Saved data entries
***

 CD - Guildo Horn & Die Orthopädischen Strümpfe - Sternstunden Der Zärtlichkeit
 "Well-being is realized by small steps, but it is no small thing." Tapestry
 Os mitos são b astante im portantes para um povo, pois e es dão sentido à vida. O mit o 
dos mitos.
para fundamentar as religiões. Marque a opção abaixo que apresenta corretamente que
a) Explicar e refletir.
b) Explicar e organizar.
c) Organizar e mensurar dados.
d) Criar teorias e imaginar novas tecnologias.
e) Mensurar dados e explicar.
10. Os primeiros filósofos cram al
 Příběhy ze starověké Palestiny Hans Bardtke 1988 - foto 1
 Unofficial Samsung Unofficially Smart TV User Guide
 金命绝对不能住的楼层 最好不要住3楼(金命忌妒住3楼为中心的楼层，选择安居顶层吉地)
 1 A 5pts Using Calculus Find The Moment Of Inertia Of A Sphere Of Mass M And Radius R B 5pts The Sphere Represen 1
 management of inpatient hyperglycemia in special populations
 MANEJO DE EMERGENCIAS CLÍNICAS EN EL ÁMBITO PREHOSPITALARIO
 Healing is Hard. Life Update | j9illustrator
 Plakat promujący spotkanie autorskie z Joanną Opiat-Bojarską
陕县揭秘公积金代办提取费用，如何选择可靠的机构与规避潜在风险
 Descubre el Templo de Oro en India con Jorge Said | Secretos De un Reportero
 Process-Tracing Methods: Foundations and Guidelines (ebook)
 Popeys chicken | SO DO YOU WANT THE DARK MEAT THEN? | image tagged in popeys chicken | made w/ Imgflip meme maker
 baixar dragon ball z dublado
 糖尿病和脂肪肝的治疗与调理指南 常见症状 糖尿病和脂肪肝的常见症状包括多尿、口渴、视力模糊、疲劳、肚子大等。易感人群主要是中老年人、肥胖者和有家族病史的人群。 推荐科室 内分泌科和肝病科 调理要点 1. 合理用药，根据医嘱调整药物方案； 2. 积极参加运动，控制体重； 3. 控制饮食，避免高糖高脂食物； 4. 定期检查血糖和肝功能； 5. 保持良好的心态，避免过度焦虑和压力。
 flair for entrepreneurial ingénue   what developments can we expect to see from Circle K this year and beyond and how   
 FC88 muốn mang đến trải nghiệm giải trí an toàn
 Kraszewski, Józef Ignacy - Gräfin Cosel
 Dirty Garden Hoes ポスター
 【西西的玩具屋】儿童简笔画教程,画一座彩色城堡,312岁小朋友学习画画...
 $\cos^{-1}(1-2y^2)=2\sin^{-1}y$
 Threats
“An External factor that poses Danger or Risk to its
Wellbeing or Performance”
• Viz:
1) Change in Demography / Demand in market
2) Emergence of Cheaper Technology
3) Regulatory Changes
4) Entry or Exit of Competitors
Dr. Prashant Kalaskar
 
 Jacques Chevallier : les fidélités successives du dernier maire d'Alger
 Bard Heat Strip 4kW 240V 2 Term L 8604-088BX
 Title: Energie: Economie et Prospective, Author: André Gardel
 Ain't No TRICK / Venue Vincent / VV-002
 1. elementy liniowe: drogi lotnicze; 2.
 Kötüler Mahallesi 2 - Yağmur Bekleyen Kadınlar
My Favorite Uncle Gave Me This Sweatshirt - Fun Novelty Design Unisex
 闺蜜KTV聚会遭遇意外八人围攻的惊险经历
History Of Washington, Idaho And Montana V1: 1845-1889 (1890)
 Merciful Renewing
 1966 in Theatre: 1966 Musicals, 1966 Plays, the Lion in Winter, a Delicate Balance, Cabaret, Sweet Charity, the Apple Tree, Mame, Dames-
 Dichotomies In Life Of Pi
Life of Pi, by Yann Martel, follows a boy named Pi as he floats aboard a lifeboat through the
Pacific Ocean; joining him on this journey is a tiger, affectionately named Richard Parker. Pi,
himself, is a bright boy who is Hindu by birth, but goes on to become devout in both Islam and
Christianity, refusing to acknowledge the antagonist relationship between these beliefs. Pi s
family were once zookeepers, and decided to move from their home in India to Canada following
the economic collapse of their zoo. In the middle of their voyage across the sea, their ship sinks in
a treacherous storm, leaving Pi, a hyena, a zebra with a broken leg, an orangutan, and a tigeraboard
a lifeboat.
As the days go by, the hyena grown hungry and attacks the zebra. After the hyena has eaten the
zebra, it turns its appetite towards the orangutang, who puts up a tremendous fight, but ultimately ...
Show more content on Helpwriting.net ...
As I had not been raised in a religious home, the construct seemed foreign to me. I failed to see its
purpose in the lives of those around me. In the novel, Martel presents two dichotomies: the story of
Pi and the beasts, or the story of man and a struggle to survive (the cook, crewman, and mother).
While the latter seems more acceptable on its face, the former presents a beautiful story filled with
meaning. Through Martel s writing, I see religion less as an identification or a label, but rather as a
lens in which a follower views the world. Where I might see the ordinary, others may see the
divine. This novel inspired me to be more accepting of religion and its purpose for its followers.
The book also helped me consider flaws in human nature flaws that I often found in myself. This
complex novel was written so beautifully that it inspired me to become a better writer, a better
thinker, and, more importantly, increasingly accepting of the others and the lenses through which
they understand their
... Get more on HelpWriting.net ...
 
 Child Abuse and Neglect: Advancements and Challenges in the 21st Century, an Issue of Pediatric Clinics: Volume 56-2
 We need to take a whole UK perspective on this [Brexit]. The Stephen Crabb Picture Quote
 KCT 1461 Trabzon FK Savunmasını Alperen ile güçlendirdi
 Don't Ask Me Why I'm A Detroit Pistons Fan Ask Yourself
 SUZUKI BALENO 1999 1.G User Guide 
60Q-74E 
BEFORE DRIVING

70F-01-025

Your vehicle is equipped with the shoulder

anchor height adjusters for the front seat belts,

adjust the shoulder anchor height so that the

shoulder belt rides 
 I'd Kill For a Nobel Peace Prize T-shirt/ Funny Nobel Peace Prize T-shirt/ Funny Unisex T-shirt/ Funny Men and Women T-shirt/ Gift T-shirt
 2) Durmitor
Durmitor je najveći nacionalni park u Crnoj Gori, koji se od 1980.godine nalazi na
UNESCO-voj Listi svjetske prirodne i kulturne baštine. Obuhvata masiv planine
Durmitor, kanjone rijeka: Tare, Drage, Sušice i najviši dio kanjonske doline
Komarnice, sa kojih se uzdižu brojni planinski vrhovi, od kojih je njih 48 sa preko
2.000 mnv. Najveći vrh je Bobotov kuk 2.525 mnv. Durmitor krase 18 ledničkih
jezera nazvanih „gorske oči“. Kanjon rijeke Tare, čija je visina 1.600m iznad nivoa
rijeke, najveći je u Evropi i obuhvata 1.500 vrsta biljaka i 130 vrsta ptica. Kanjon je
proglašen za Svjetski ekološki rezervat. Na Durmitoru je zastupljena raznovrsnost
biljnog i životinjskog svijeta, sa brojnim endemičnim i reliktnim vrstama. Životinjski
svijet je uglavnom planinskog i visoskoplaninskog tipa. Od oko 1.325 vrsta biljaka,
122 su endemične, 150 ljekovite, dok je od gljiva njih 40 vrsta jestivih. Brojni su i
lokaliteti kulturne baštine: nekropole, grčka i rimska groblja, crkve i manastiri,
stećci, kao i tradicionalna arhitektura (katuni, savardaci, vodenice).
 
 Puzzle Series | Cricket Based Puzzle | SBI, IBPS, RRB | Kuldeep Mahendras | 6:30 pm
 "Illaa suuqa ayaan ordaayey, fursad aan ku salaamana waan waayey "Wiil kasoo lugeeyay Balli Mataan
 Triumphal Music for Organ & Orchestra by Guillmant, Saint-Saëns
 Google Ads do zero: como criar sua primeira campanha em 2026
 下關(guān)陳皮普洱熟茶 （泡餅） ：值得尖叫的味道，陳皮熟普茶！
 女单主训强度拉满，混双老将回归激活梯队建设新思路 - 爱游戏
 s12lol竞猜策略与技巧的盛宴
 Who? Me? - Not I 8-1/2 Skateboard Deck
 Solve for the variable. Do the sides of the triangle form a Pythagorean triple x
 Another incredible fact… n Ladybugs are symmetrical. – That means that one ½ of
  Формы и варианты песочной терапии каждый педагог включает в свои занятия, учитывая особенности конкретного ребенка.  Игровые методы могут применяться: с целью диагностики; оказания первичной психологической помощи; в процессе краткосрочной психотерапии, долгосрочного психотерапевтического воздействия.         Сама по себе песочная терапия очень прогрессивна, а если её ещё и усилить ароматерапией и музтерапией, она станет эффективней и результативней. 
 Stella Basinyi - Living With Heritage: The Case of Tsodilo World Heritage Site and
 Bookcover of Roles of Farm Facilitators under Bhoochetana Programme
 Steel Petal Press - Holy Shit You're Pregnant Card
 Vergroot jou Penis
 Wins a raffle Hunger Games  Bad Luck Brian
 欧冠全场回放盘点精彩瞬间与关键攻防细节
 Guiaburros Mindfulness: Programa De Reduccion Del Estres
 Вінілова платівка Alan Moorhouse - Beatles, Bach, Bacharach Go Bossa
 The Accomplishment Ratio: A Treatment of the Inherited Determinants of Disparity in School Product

***

> Exercise:
From the data above, output exactly the lines between the one containing "thinker, and, more" and the one containing "shoulder belt rides", counting both of them.

> Solution to this task:
thinker, and, more importantly, increasingly accepting of the others and the lenses through which
they understand their
... Get more on HelpWriting.net ...
 
 Child Abuse and Neglect: Advancements and Challenges in the 21st Century, an Issue of Pediatric Clinics: Volume 56-2
 We need to take a whole UK perspective on this [Brexit]. The Stephen Crabb Picture Quote
 KCT 1461 Trabzon FK Savunmasını Alperen ile güçlendirdi
 Don't Ask Me Why I'm A Detroit Pistons Fan Ask Yourself
 SUZUKI BALENO 1999 1.G User Guide 
60Q-74E 
BEFORE DRIVING

70F-01-025

Your vehicle is equipped with the shoulder

anchor height adjusters for the front seat belts,

adjust the shoulder anchor height so that the

shoulder belt rides 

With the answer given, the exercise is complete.